I thought I recognized her.  She was the nurse for the female doctor who had a lot of trouble with me.  She gave me my diabetes diagnosis and put me on drugs so powerful that I was barely able to focus enough to drive home.  When I called for a correction, she was angry at the challenge.  She said my blood glucose reading was 350, which I would question now.  In the years since I’ve rarely gone over 200 and usually am about 130 except right after a meal.

This nurse would not be skillful with a kid who had been forced underground into survival sexwork where he caught HIV.  She’s a country mom who believes that kids are cubs.  But in the meantime, she’s a good nurse for the local assumptions and I have no objections, even though I’m not young and only a lady intermittently.  

As for Integrative Medicine, it’s a good idea that depends on the interpretation of the practitioner.  With a practical, alert doctor, it avoids the robot syndrome of the doc trying to please the clinic manager who wants more patients in less time and total obedience to “best practices” insurance dictates.  But it can degenerate into something like folk medicine.  Andrew Weil, MD, has been pretty thoroughly commodified until sometimes his outfit sounds like Weight Watchers. 

It was encouraging that when I talked about some new study, Dr. Marler always knew about it and had thought about it.  This Family Practice avoids the steam-rollers of the two medical behemoths in town, who are both the end result and cause of consolidating medical care so that a solitary old person like me has to drive far.  Easy right now — but it won’t be for long this season.  What happens when my eyes are too bad, or I’m just weak and woozy?  It’s unfortunate that so many chronic conditions now require frequent trips to the doc for blood draws, dialysis, or some kind of therapy.  We need to rethink the whole big picture.  Everyone agrees with that.  We just need specifics and imagination.  An “integrative” approach.  An inclusive, private, and supportive way.

PAGE TWO:  Today I drove up to my usual pharmacy in Shelby (30 miles) and discovered with dismay that the faithful, skillful, reassuring pharmacist had finally retired.  She deserved it.  Her replacement is just out of school.  She could easily model for a high-end fashion mag, but she couldn't operate either the till or the computer.  She knew the composition and uses of meds, but that's the least of her job now.  She has to go by the insurance company's best practices, which are not necessarily medically indicated.  

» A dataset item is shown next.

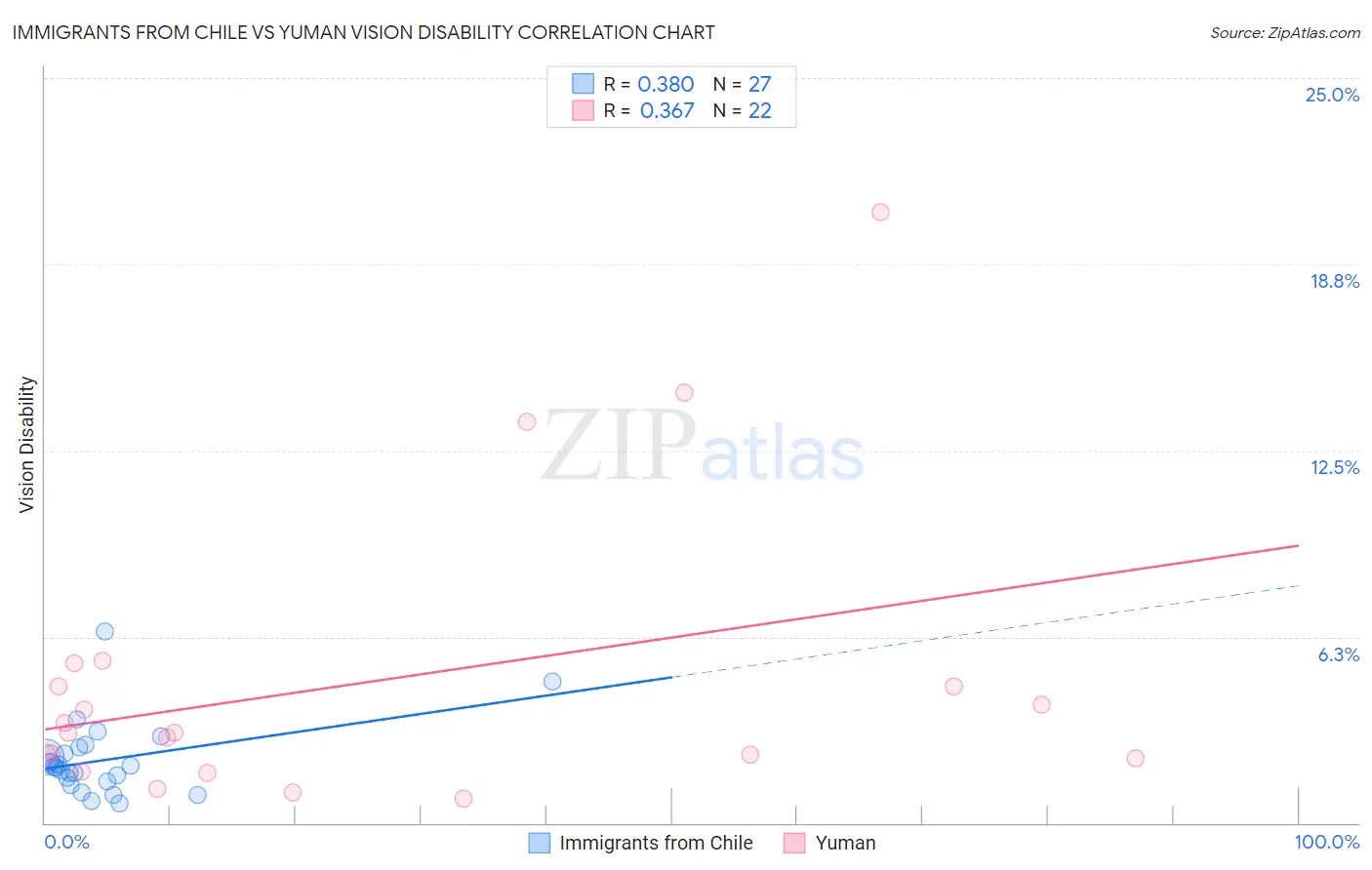 Immigrants from Chile vs Yuman Vision Disability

I had three prescriptions.  She wouldn't fill one because the insurance company said I had already had enough.  She couldn't fill the next one because they didn't have any of the pills -- would have to order them. She did fill the third.  

A little kid had broken the "magic pen" for the credit cards machine so she told me to sign it with my finger.  That worked -- unless you expected human writing.  I've transferred my pharmacy -- you have to do that formally -- to the Cut Bank pharmacist, but I won't get the pills until next week.  At least I'll never have to drive to Shelby again.

This is also the kind of service people get when they attend government clinics for HIV meds -- pills not on hand, refusal of service for this and that.  Policy is developed by urban, detached, non-medical people who don't understand long distances in bad weather but understand politics a little too well.  Death by pencil.